Vigil held for victims in Israel and Gaza

A candlelight vigil was held in San Francisco Thursday night to honor the innocent lives lost amid the terror attacks and ongoing conflict in Israel and Gaza. The gathering was organized by Manny Yekutiel, a restaurant owner who was stranded in Israel during the assault by Hamas militants. 

"I feel like I haven’t actually been able to feel a lot in the last week," said Yekutiel at the start of the vigil. "I haven’t actually been able to feel sad, or grief, or actually imagine the people who didn’t deserve to die, who are gone."

The vigil, Yekutiel said, was an opportunity for he and others to finally process their emotions. Following the reading of a prayer, the names of 100 Israelis who were killed by Hamas militants last week were read aloud. 

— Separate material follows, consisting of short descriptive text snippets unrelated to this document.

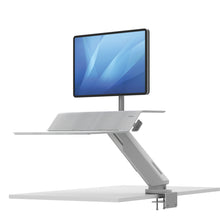 Load image into Gallery viewer, BUY FELLOWES® LOTUS™ RT SIT STAND WORKSTATION with FREE SHIPPING. Available in white with a single monitor arm. Hight adjustable Desk converter 8081701 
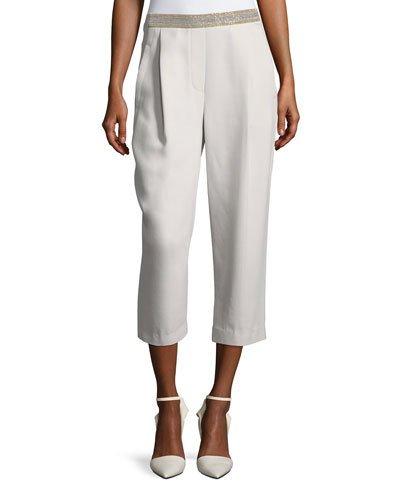 Cropped Monili-beaded Twill Pants
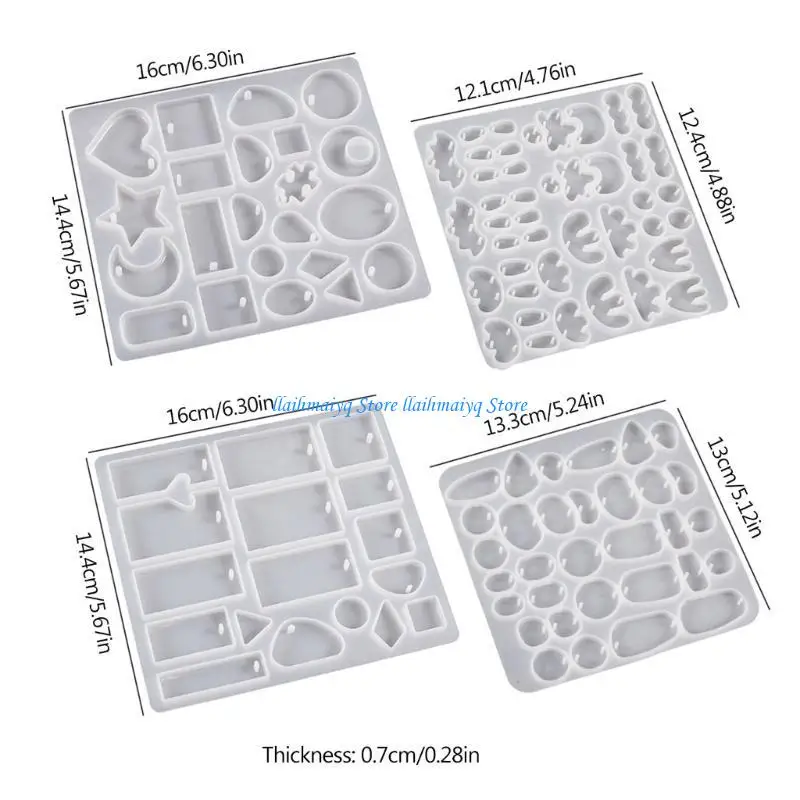 573B 4 قطع أقراط متدلية معلقة تزيين أنماط متعددة قالب سيليكون غير منتظم #6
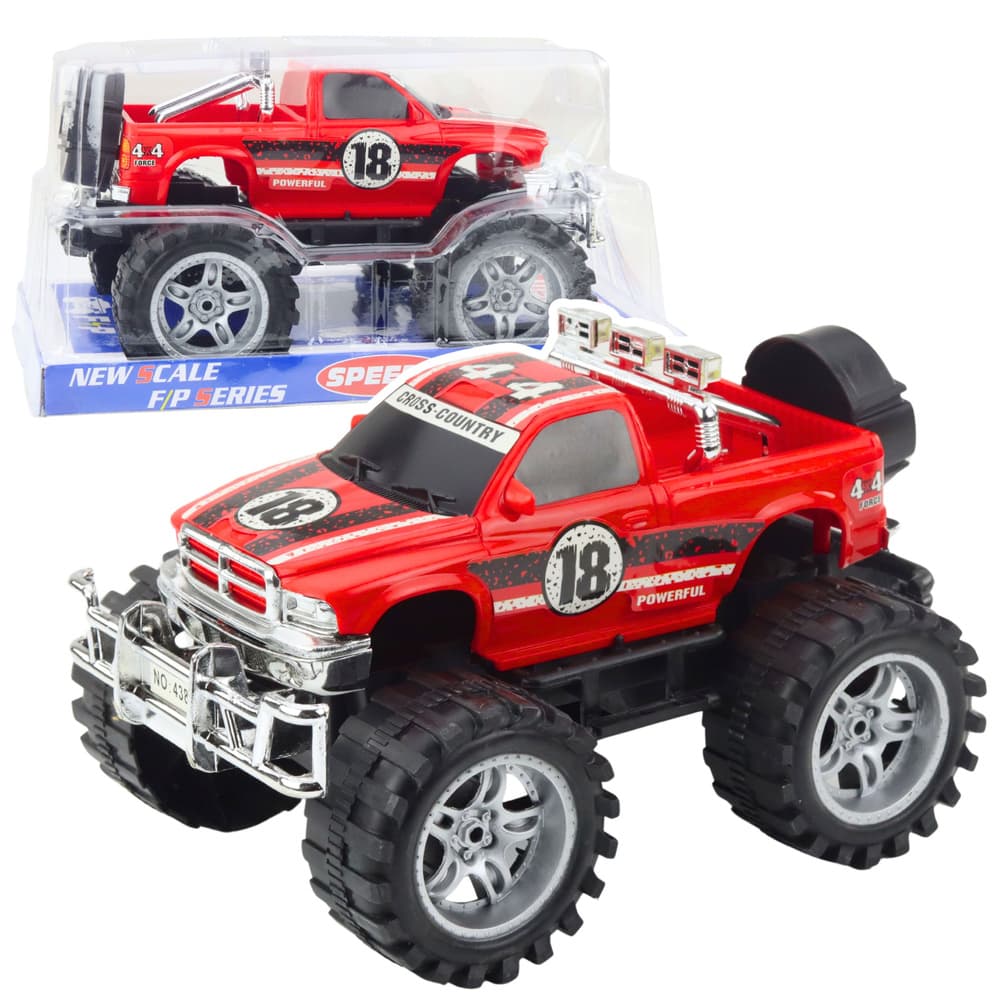 Terenski avtomobil LEAN TOYS črno-rdeč s pogonom na zadnja kolesa, 27cm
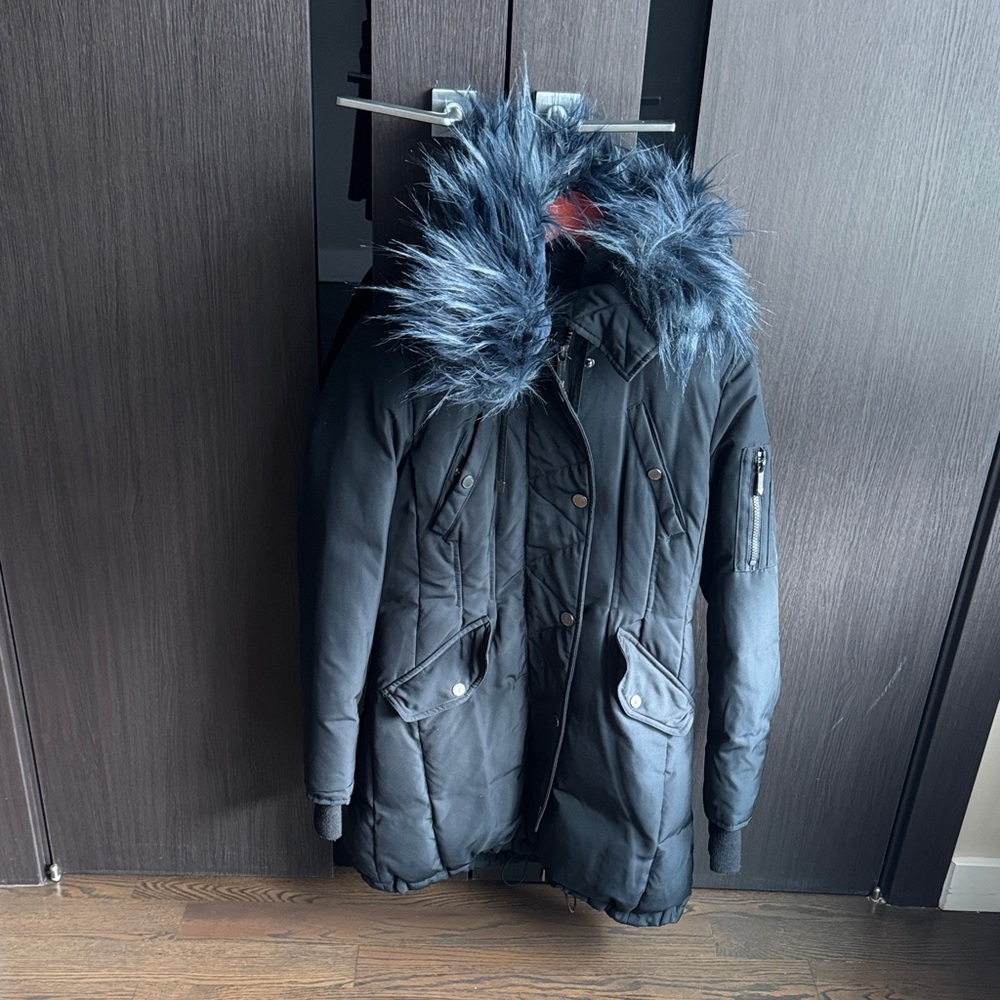 BCBG Maxazria Women's Navy Fur-Trimmed Jacket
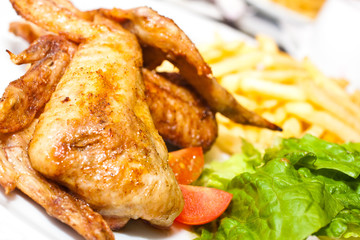 Fried chicken wings closeup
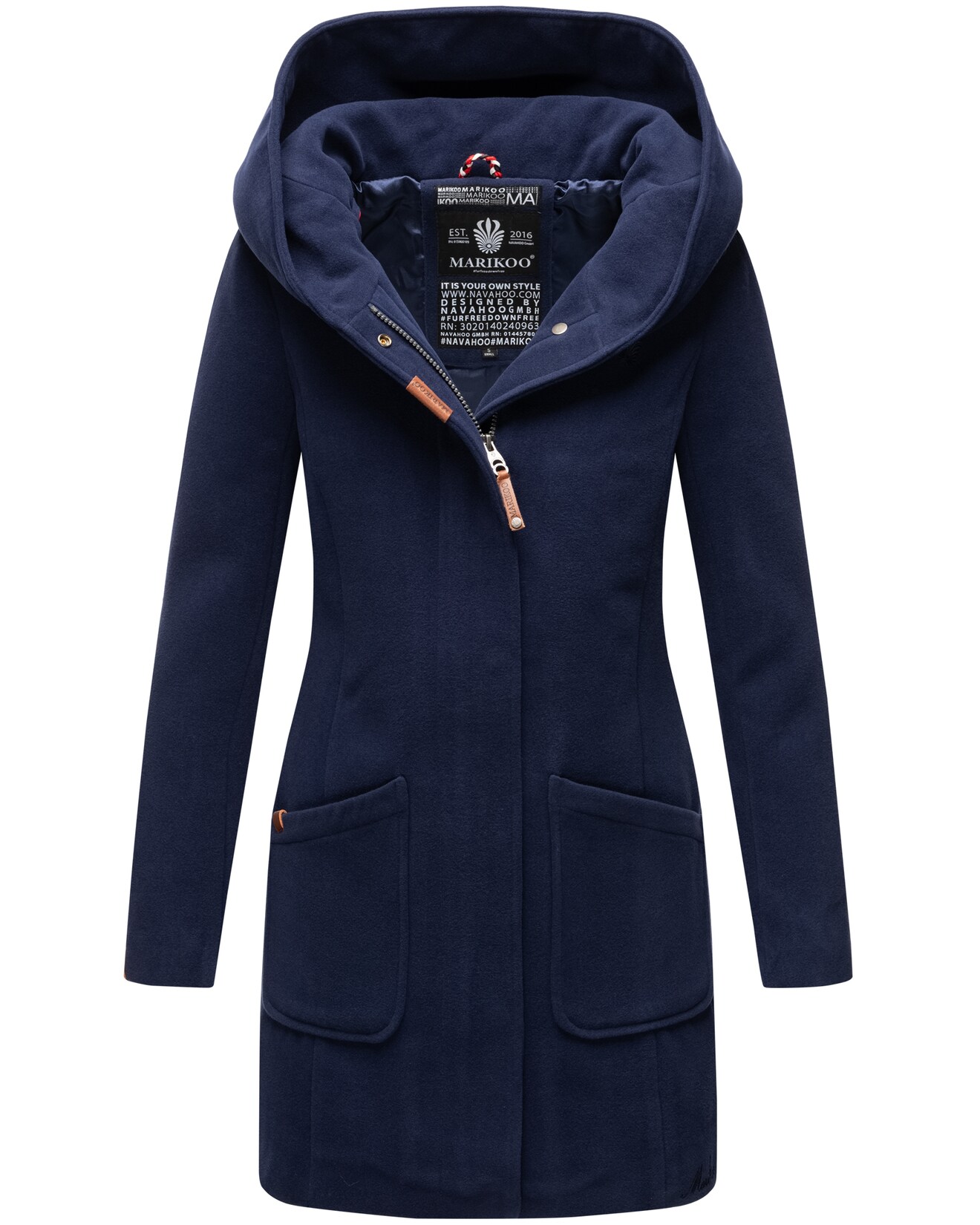 MARIKOO Damen Hochwertiger Wintermantel Mantel Trenchcoat Mit Kapuze Maikoo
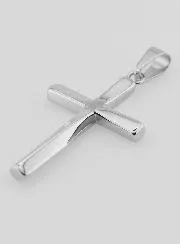 Stainless Steel Twisted Cross Pendant - 45mm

Then the names of 100 Palestinian civilians who were killed in Gaza amid the Israeli army’s response to the attacks were also read aloud.

Among those who were drawn to the vigil were those who say they have been struggling to find a safe place to mourn without picking sides.

"I do have a complicated response on both sides and I too felt safe coming here. This is the first thing I’ve come to," said Marti Goddard.

Another attendee felt the same way.

"I have very complicated feelings about Israel as an American Jewish person," said Karen Strauss. "The devastating callous attacks on the people of Israel have been upsetting to me, and people in Gaza don’t deserve to be attacked the way they are being attacked."

Amid days of divisive rhetoric, hope was expressed at the gathering that it might spur others to follow their lead.

"There needs to be more dialogue, there needs to be more civilized debate, and comfort with hearing things that you’re not comfortable hearing," said Nate, who only provided his first name. "I hope that moving forward there is a belief that there’s a common future where people can live together."

Over 4,300 people have been killed in the conflict so far, according to estimates on October 18 from the United Nations.